Montag, 10. Oktober 2011
Vom Poser zum Teamplayer
Noel Gallagher’s High Flying Birds
„Noel Gallagher’s High Flying Birds“ (Sour Mash)
Natürlich muss, wer Liam sagt, auch Noel sagen. Und wenn Beady Eye Monate zuvor an dieser Stelle so gut weggekommen sind, dann lag das bei näherer Betrachtung schlichtweg daran, dass die High Flying Birds einfach noch nicht in der Luft waren. Diese vorbehaltlos freundliche Eröffnung wird jetzt manchen, der hier öfter vorbeischaut vielleicht etwas irritieren – keine Bange, mir geht das selbst nicht anders. Doch auch wenn man das brüderliche Abwatschen in der Tabloid Hell der letzten Wochen zum Erbrechen über hatte, muß man doch zugeben: Als Ergebnis kann man mit des einen, besonders aber mit des anderen Bruders Platte mehr als zufrieden sein.
Warum nur, diese Frage gleich zu Beginn, dieses unscharfe und verschwommene Tankstellen-Cover, auch bei weiteren Abbildungen gibt sich der Mann, den man über mangelndes Selbstbewußtsein noch nie klagen hörte, so ungewohnt zurückhaltend, nie en face, immer abgewandt, fast als hätte er Schiss, man könnte erkennen, wer für die Songs verantwortlich zeichnet. Dabei gibt es für übertriebene Bescheidenheit gar keinen Grund.
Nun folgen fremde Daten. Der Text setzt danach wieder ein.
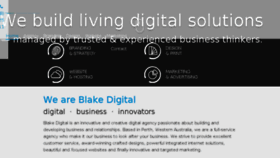 What Blakedigital.com website looked like in 2016 (7 years ago)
Denn wie erwartet schreibt der Teil, der schon für einen Großteil der Perlen von Oasis zuständig war, im Vergleich zum Kraftmeier Liam auch die besseren Songs.
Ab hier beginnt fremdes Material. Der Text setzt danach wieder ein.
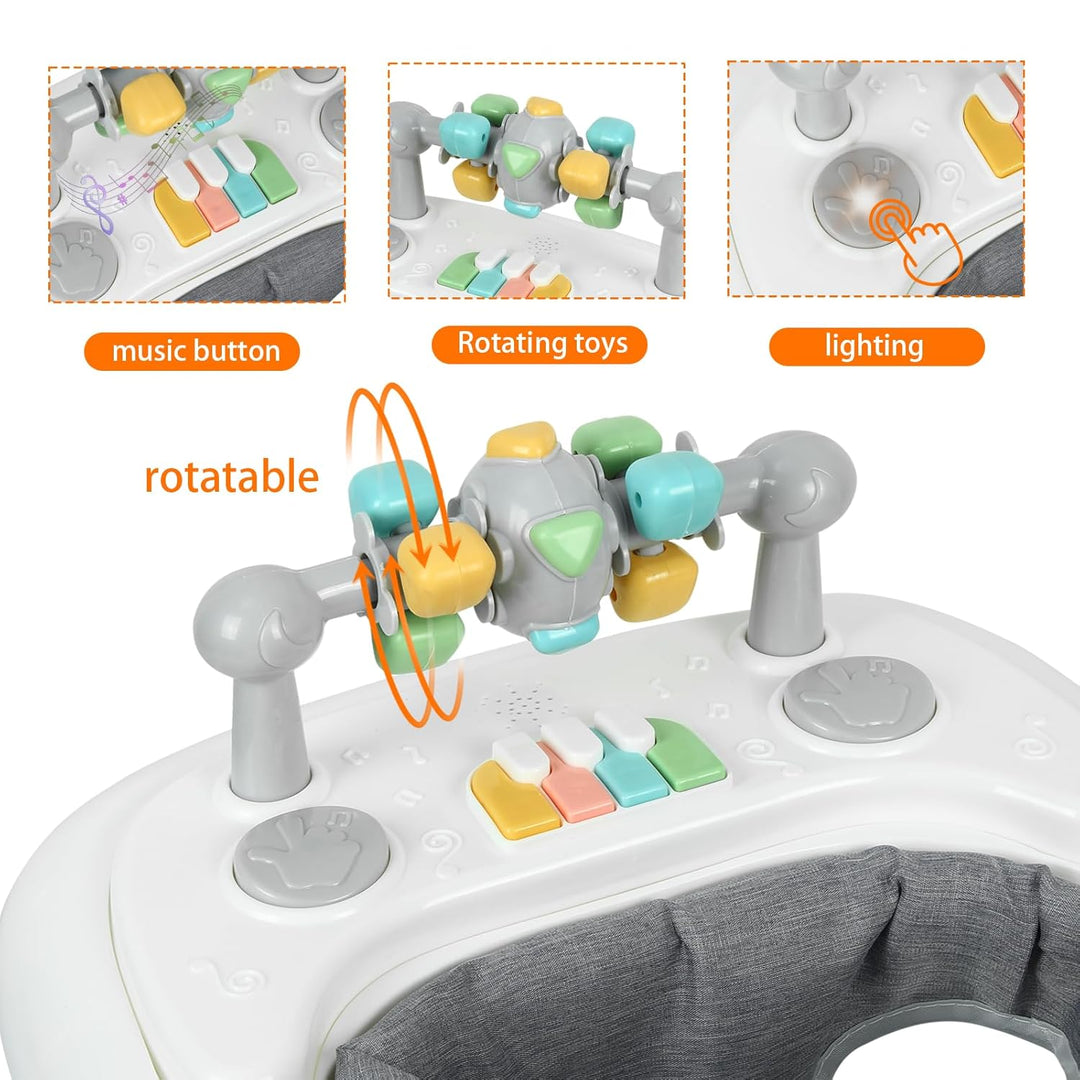 Lauflernhilfe für Babys, 2-in-1, mit abnehmbarem musikalischen Aktivitätstablett, Lauflernhilfe für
Und er tut das mit einer Verve, die einen wirklich staunen läßt: Orchesterklänge, Chorbegleitung, hymnischer Bombast, schwelgerische Melodien – da ist wenig vom rotzigen Lad als vielmehr Durchdachtes vom bestens aufgelegten „Liedermacher“ zu hören. „Everybody’s On The Run“ – herrlich und die ganz dicke Sahne, „Dream On“ nicht minder kalorienhaltig und bei „If I Had A Gun“ will der gute Junge die Knarre auch nur haben, um seiner Angebeteten ein Loch in die Sonne zu schießen – hier wird er regelrecht zum Träumer: „'Scuse me if I spoke too soon, my eyes have always followed you around the room. 'Cus you're the only God that I will ever need, I'm holding on and waiting for the moment to find me.“ Wow, Noel, bist Du’s?
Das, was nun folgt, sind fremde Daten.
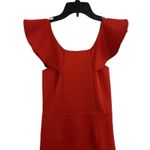 Yumi Kim Red Under Your Spell Mini Dress Off Shoulder Ruffle Detail Scuba Sm New Photo 15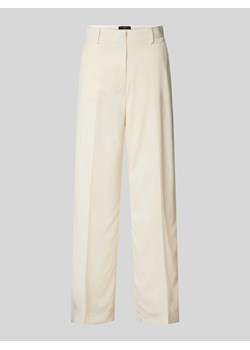 Spodnie materiałowe z szeroką nogawką w kant model ‘VERDUN’ ze sklepu Peek&Cloppenburg  w kategorii Spodnie damskie - zdjęcie 173743608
”The Death Of You And Me” glänzt gar mit feinen Bläsersätzen und manch netter Augenzwinkerei (“the bottom of a bottle is every man's apostle ... I'm watching my tv, or is it watching me?”), für “AKA What A Live!” darf’s sogar ein bisschen Acid sein, erinnert ein wenig an die bessern Stücke von Deacon Blue (“Only Tender Love”) und Noel läßt den Tiger raus (“I'm gonna take that tiger outside for a ride”). Und schlechter wird das nicht – offensichtlich ist der Knabe so verdammt aufgeräumt, dass er auch den Rest noch gut über die Bühne bekommt. Das bissige „Soldier Boys And Jesus Freaks“ luftig bespielt, ein wenig Travis für „AKA Broken Arrow“ und ein verteufelt guter Drive bei „(Stranded On) The Wrong Beach“ – selbst das infernalische Getöse am Schluß geht in Ordnung.
Auf einem der angesprochenen Promobildchen sieht man Noel im Übrigen an einem dieser altehrwürdigen Theaterpaläste stehen – über ihm in großen Lettern der Schriftzug „It’s never too late to be what you might have been“. Zufall, Understatement, Lebensentwurf oder simply Bullshit – nach und mit diesem Album darf man ruhig die Frage stellen, warum in aller Welt der Junge sein Talent über die letzten dürren Jahre bei Oasis so verschwendet hat. Denn er mag vielleicht noch immer ein arroganter Kerl sein, mit dieser Platte ist er auf dem Weg zum gereiften Teamplayer.
http://www.noelgallagher.com/
Natürlich muss, wer Liam sagt, auch Noel sagen. Und wenn Beady Eye Monate zuvor an dieser Stelle so gut weggekommen sind, dann lag das bei näherer Betrachtung schlichtweg daran, dass die High Flying Birds einfach noch nicht in der Luft waren. Diese vorbehaltlos freundliche Eröffnung wird jetzt manchen, der hier öfter vorbeischaut vielleicht etwas irritieren – keine Bange, mir geht das selbst nicht anders. Doch auch wenn man das brüderliche Abwatschen in der Tabloid Hell der letzten Wochen zum Erbrechen über hatte, muß man doch zugeben: Als Ergebnis kann man mit des einen, besonders aber mit des anderen Bruders Platte mehr als zufrieden sein.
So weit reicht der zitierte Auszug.